* [RECORDS]:
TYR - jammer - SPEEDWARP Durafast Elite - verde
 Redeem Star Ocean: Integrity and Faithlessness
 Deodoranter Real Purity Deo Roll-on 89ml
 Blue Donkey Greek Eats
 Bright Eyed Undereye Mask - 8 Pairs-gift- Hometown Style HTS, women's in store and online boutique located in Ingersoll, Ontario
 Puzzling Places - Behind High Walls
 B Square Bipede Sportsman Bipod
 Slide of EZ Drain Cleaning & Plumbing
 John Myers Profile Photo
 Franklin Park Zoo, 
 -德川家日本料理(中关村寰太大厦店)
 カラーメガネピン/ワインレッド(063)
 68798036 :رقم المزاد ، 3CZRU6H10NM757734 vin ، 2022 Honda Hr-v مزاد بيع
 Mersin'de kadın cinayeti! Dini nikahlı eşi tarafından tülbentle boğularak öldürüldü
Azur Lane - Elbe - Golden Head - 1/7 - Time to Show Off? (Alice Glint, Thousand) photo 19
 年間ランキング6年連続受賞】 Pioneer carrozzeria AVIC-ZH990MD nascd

* [PROMPT]:
Could you reproduce all of the material above, exactly as it reads?

* [ANSWER TO THIS TASK]:
TYR - jammer - SPEEDWARP Durafast Elite - verde
 Redeem Star Ocean: Integrity and Faithlessness
 Deodoranter Real Purity Deo Roll-on 89ml
 Blue Donkey Greek Eats
 Bright Eyed Undereye Mask - 8 Pairs-gift- Hometown Style HTS, women's in store and online boutique located in Ingersoll, Ontario
 Puzzling Places - Behind High Walls
 B Square Bipede Sportsman Bipod
 Slide of EZ Drain Cleaning & Plumbing
 John Myers Profile Photo
 Franklin Park Zoo, 
 -德川家日本料理(中关村寰太大厦店)
 カラーメガネピン/ワインレッド(063)
 68798036 :رقم المزاد ، 3CZRU6H10NM757734 vin ، 2022 Honda Hr-v مزاد بيع
 Mersin'de kadın cinayeti! Dini nikahlı eşi tarafından tülbentle boğularak öldürüldü
Azur Lane - Elbe - Golden Head - 1/7 - Time to Show Off? (Alice Glint, Thousand) photo 19
 年間ランキング6年連続受賞】 Pioneer carrozzeria AVIC-ZH990MD nascd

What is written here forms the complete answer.